Plant and animal extinctions are detrimental to your health.
That's the conclusion of a paper published in this week's issue of the journal Nature by scientists who studied the link between biodiversity and infectious diseases.
Species loss in ecosystems such as forests and fields results in increases in pathogens, or disease-causing organisms, the researchers found.
The research was funded by the National Science Foundation (NSF)-National Institutes of Health (NIH) Ecology of Infectious Diseases (EID) Program.
The NSF contribution to the EID Program is supported primarily by its Directorates for Biological Sciences and Geosciences; at NIH, by the Fogarty International Center.
The research was also funded by the Environmental Protection Agency.
"Global change is accelerating, bringing with it a host of unintended consequences," says Sam Scheiner, EID program director at NSF. "This paper demonstrates the dangers of global change, showing that species extinctions may lead to increases in disease incidence for humans, other animals and plants."
"A better understanding of the role of environmental change in disease emergence and transmission is key to enabling both prediction and control of many infectious diseases," says Josh Rosenthal, EID program director at NIH. "This thoughtful analysis is an important contribution toward those goals."
The species most likely to disappear as biodiversity declines are often those that buffer infectious disease transmission.
Those that remain tend to be the ones that magnify the transmission of infectious diseases like West Nile virus, Lyme disease and hantavirus.
"We knew of specific cases like West Nile virus and hantavirus in which declines in biodiversity increase the incidence of disease," says Felicia Keesing, an ecologist at Bard College in Annandale, N.Y., and first author of the paper.
"But we've learned that the pattern is much more general: biodiversity loss tends to increase pathogen transmission and infectious disease."
The finding holds true for various types of pathogens--viruses, bacteria, fungi--and for many hosts, whether humans, other animals or plants.
"When a clinical trial of a drug shows that it works," says Keesing, "the trial is halted so the drug can be made available.
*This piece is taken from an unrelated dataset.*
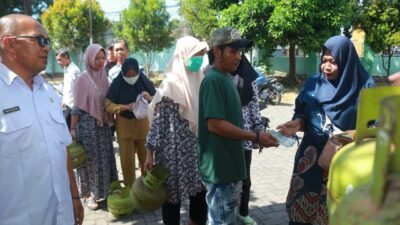 Antrean panjang warga terlihat di sejumlah titik operasi pasar LPG 3 Kg di Kabupaten Probolinggo, Rabu (22/4/2026).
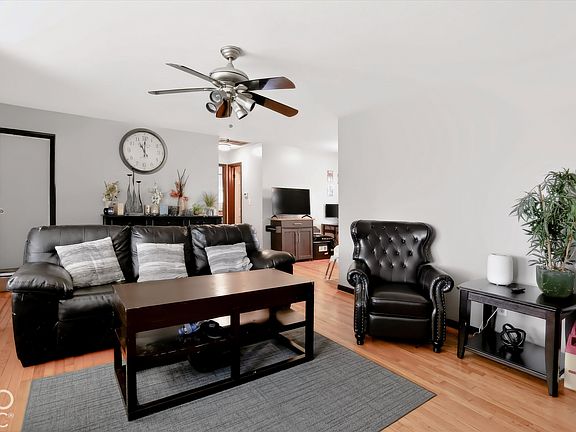 2nd image of 3544 Fisher Rd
In a similar way, the protective effect of biodiversity is clear enough that we need to begin implementing policies to preserve it now."
Global biodiversity has declined at an unprecedented pace since the 1950s. Current extinction rates are estimated at 100 to 1,000 times higher than in past epochs, and are projected to rise dramatically in the next 50 years.
Expanding human populations are already increasing contact with novel pathogens through activities such as land-clearing for agriculture, and hunting for wildlife.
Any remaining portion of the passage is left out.